登録区分 | 文化遺産 |
登録基準 | (1),(2) |
登録年 | 1983年 |
首都リスボンから北へ約120km。この地にあるバターリャ修道院は1385年にポルトガル軍がカスティーリャ軍に大勝したことを記念して国王ジョアン1世が建造。その後、2世紀に渡って建造が続けられた、ポルトガル・ゴシックとマヌエル様式が合わさった傑作で、大聖堂そのものが「ポルトガルの独立」のシンボルでもあります。
ここではバターリャ修道院がなぜ世界遺産なのか、世界遺産マニアが分かりやすく解説。これを読めば、バターリャ修道院について詳しくなること間違いなし!
バターリャ修道院とは?実は別名だった?
ポルトガル中西部にあるレイリア県。バターリャというのはポルトガル語で「戦い」という意味です。ここは1385年に現在のスペインの北部を支配していたカスティーリャ王国が攻め入ってきた「アルジュバロータの戦い」が行われた場所。この歴史的な勝利を記念して、当時の王・ジョアン1世が聖母マリアに感謝して1388年に修道院を造成しました。完成したのは150年後の16世紀。実は、正式名は「聖母マリア修道院」ではあるのですが、一般的にはバターリャ修道院と呼ばれ、世界遺産の登録名もバターリャ修道院となっています。

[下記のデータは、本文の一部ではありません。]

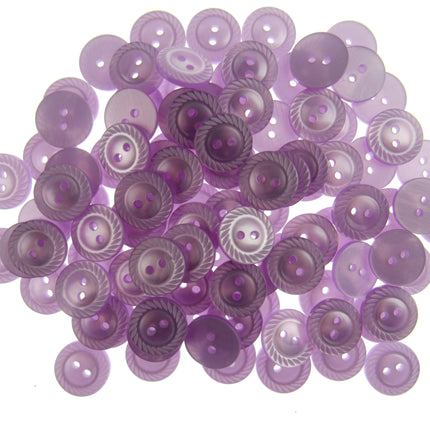 Collection of purple buttons on a white background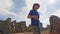 Young man tourist with binoculars exploring ancient city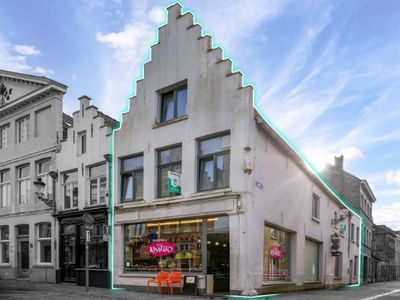 Hoekgebouw met verhuurde winkelruimte en duplex appartement op drukke invalsweg te Brugge.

修道院はポルトガル・ゴシックとマヌエル様式(ポルトガルで流行した大航海時代をテーマにしたもの)が合わさった壮麗な建築物。特に修道院を代表する建造物「王の回廊」や「未完の礼拝堂」などは、2つの建築様式を融合したもの。「創設者の礼拝堂」には、ジョアン1世の墓があり、彼の息子で多くの航海者を支援したエンリケ航海王子の墓など、歴代の王族の墓が置かれています。ここは200年に渡ってポルトガルの独立を示すシンボル的存在でもありました。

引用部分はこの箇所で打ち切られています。